This is a course note of an online course I took relating to the Operating System on educative.io.
Chapter 3. File and Directory
A persistent-storage device, such as a classic hard disk drive or a more modern solid-state storage device, stores information permanently . Unlike memory, whose contents are lost when there is a power loss, a persistent-storage device keeps such data intact.
Two key abstractions have developed over time in the virtualisation of storage.
- File : A file is simply a linear array of bytes, each of which you can read or write. Each file has some kind of low-level name which is often referred to as its inode number.

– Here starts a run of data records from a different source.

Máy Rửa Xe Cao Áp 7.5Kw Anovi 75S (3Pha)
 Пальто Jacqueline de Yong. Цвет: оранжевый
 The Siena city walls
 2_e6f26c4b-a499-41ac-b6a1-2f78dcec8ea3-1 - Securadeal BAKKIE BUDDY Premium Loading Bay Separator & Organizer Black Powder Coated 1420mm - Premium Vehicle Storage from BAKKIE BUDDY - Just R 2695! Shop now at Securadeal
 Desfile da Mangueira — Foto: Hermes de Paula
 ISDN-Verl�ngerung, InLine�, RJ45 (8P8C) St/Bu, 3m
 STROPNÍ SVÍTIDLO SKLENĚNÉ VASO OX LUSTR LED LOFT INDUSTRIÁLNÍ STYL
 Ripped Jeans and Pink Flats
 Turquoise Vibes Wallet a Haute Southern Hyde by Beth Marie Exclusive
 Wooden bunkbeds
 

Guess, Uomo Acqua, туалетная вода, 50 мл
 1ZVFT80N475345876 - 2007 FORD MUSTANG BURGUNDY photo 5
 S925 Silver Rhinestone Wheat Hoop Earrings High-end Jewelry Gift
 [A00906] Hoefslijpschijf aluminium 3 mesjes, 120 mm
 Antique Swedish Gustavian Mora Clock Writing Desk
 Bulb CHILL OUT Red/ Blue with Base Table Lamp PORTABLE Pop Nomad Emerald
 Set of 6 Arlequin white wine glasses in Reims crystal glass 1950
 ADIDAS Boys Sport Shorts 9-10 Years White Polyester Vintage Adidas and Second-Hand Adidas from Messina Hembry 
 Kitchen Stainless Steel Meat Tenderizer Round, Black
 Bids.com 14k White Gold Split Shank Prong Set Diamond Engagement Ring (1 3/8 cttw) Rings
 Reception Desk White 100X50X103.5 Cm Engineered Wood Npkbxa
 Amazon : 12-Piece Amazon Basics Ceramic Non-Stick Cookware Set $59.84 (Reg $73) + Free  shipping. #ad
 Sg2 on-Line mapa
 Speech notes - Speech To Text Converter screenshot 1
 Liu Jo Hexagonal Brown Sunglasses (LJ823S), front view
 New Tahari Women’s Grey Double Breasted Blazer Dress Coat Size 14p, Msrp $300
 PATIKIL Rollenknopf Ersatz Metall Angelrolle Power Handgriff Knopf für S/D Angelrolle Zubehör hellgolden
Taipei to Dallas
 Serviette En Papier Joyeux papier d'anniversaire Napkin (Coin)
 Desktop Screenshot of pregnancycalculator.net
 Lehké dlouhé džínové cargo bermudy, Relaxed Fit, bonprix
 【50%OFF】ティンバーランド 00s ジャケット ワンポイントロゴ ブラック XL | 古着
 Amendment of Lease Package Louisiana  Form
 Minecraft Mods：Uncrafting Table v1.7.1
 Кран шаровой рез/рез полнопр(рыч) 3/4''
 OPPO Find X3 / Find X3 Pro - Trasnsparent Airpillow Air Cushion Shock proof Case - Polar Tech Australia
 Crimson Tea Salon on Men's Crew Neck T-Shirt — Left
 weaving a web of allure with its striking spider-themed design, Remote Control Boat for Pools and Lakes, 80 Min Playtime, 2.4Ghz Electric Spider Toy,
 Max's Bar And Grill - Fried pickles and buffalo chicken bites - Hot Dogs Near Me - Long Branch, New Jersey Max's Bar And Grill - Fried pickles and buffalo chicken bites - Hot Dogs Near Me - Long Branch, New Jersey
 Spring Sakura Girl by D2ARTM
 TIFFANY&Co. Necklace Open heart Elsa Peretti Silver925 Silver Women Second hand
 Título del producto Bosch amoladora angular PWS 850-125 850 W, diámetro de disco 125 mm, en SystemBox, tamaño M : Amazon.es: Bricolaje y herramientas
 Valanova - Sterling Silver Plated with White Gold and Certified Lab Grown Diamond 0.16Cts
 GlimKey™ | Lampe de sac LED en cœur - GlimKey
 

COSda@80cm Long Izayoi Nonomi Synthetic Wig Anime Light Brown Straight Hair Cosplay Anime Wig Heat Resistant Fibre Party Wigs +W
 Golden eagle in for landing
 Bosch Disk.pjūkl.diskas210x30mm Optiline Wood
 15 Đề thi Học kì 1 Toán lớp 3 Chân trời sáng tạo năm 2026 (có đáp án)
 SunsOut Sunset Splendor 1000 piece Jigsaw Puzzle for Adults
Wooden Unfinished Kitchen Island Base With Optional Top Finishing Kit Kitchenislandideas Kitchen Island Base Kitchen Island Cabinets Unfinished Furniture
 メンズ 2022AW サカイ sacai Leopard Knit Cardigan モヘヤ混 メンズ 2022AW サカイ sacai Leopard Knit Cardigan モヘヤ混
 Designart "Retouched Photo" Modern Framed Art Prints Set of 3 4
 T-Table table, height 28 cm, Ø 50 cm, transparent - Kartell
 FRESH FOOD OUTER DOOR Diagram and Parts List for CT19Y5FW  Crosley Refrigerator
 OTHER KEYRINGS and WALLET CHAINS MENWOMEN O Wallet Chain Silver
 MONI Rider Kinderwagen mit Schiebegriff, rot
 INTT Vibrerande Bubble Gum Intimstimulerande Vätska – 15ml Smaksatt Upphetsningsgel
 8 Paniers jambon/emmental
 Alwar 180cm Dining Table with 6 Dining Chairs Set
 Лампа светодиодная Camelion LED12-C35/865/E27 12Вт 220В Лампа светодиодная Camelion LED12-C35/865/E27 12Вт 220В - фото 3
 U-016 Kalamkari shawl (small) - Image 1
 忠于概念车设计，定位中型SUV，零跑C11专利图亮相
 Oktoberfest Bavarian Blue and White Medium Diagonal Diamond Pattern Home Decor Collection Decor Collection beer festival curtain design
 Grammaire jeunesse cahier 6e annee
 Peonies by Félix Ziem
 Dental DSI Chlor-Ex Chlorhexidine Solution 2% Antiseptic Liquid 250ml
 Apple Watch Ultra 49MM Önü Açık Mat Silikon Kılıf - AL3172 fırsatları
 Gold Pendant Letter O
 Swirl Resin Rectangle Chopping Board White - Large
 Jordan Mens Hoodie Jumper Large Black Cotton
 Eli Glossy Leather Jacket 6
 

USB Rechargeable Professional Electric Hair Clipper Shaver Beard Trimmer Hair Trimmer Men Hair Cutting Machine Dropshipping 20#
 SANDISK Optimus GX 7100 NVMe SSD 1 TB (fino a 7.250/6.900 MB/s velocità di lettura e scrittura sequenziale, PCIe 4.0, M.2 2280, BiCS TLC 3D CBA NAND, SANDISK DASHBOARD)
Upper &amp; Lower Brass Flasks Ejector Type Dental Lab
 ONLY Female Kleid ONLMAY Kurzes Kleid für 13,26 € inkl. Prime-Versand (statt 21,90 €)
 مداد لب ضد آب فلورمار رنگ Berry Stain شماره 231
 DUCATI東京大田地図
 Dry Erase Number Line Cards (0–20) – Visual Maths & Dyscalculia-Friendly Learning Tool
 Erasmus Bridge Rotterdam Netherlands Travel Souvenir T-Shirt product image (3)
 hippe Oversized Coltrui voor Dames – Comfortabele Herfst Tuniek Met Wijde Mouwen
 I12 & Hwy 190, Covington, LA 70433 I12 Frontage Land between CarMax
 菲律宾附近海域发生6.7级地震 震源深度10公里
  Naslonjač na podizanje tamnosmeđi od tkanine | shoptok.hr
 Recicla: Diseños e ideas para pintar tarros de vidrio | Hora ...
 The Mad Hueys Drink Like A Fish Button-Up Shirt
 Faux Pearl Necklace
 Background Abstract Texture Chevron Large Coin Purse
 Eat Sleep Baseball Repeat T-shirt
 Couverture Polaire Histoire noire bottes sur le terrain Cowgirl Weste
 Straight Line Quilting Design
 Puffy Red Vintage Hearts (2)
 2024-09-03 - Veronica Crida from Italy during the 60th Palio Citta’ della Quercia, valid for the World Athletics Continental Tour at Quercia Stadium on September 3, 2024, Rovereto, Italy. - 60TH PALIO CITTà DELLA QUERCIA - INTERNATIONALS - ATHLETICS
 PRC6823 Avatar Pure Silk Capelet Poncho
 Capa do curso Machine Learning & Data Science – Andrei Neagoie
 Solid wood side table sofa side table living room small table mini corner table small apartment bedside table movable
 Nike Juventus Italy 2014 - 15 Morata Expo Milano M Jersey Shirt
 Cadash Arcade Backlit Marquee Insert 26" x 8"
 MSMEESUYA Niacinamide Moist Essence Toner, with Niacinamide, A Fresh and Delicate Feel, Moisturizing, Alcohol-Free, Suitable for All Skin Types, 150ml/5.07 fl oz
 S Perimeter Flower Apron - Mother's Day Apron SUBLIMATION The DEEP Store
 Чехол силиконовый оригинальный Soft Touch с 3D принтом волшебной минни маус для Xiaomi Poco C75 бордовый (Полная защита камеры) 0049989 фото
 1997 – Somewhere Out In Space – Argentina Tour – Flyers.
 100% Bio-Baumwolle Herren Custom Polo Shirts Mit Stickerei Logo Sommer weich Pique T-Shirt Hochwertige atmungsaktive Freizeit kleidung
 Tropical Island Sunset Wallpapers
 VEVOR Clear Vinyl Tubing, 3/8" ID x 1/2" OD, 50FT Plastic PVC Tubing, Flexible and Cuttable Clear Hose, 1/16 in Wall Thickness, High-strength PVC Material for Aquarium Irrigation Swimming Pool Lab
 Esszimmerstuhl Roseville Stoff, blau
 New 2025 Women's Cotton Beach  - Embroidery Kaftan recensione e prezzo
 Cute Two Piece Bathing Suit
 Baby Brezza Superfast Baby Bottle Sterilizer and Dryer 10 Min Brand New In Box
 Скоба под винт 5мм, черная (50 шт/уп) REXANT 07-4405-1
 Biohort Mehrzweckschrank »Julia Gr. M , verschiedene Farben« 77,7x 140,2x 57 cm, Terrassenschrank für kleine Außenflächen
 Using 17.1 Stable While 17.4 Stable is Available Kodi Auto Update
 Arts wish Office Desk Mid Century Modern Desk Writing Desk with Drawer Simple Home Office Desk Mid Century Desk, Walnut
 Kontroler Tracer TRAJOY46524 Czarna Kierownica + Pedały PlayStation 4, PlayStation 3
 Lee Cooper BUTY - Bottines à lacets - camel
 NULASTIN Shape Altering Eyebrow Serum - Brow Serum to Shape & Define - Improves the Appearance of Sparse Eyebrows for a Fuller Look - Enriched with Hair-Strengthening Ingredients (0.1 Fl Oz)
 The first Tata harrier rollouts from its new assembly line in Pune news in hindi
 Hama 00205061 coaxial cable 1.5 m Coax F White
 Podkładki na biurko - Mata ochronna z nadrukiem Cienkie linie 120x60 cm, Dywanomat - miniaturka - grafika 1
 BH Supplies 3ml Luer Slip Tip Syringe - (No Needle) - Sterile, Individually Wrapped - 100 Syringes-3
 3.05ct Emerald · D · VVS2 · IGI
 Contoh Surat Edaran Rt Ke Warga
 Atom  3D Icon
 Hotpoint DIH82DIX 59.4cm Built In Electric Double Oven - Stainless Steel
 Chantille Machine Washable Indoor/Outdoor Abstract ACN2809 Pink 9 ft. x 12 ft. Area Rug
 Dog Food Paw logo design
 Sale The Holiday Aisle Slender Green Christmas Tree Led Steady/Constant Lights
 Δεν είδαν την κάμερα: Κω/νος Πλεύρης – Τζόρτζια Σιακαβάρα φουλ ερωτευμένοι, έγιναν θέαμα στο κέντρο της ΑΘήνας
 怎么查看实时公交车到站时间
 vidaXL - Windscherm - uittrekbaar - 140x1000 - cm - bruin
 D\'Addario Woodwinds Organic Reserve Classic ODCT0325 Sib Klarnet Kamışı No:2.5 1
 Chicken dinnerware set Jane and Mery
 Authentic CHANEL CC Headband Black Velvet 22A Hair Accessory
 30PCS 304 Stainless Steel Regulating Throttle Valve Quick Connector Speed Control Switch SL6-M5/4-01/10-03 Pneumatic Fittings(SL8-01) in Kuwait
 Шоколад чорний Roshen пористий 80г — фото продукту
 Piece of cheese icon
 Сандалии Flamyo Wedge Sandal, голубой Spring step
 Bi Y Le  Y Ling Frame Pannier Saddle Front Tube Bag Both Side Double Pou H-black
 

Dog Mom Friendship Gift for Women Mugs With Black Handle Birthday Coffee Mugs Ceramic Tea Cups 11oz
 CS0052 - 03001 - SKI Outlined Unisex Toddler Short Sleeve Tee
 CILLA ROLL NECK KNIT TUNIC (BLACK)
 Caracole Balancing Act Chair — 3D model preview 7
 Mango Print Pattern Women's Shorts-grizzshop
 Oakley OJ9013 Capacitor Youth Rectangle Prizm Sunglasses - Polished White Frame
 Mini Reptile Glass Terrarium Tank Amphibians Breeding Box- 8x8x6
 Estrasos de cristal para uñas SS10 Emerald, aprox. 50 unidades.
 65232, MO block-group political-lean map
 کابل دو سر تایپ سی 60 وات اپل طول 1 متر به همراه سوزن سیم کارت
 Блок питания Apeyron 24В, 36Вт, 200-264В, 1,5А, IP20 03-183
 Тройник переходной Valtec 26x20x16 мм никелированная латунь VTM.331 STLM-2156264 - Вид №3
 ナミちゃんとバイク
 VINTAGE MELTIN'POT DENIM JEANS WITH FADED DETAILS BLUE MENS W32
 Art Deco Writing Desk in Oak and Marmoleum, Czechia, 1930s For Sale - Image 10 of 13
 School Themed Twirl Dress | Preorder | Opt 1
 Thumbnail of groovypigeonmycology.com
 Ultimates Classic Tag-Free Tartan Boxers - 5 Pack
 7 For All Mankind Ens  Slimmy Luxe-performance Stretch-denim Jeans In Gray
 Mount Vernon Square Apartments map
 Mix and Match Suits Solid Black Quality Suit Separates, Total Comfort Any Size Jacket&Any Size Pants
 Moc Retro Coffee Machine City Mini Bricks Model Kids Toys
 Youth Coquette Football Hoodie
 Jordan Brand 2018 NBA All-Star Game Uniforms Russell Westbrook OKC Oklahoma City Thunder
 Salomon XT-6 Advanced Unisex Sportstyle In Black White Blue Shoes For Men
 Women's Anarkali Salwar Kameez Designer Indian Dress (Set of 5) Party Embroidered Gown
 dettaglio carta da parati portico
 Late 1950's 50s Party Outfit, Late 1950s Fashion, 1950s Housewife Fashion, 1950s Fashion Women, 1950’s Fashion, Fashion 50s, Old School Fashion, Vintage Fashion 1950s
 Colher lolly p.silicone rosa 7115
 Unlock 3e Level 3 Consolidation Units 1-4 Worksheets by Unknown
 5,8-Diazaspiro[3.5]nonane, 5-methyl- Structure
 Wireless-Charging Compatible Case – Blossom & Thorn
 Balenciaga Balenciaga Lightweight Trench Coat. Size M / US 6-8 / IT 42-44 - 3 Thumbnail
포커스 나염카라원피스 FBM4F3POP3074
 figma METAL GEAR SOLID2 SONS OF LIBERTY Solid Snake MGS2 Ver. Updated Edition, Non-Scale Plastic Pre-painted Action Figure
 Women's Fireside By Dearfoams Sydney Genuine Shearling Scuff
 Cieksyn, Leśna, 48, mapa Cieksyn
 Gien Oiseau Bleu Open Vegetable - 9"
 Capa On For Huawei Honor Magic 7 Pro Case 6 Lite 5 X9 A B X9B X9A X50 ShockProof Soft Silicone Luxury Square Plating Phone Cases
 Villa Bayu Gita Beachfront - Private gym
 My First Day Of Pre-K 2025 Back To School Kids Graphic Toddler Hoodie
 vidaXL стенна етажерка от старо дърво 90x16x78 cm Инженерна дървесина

- Directory: A directory, like a file, also has a low-level name (i.e., an inode number), but its contents are quite specific: it contains a list of pairs of files (user-readable name → low-level name). Each entry in a directory refers to either files or other directories. By placing directories within other directories, users are able to build an arbitrary directory tree.
File Descriptor
The file descriptor is an integer number that uniquely represents an opened file in operating system. The file descriptor points to an entry in the kernel’s global file table. The file table entry contains information such as the inode of the file, byte offset, and the access restrictions for that data stream (read-only, write-only, etc.).Thus, once a file is opened, you use the file descriptor to read or write the file.
Inode: Short for index node, an inode is a database that describes the file/directory attributes such as metadata and the physical location on the hard drive.
Hard Links vs. Symbolic Links
Hard links and symbolic links are two different methods to refer to a file in the hard drive.
- Hard link: A hard link is a direct reference to a file via its inode. By using a hardlink, you can change the original file’s contents or location and the hardlink still points to the original file because its inode is still pointing to that file. In addition, hardlinks can only refer to files within the same volume otherwise symbolic links will be needed. The inode is only deleted when all links to the inode have been deleted.
- Symbolic link: Symbolic links are essentially shortcuts that reference to a file instead of its inode value. This method can be applied to directories and can reference across different hard disks/volumes. When the original file is placed into a different folder it will break the symbolic link, or create a dangling link.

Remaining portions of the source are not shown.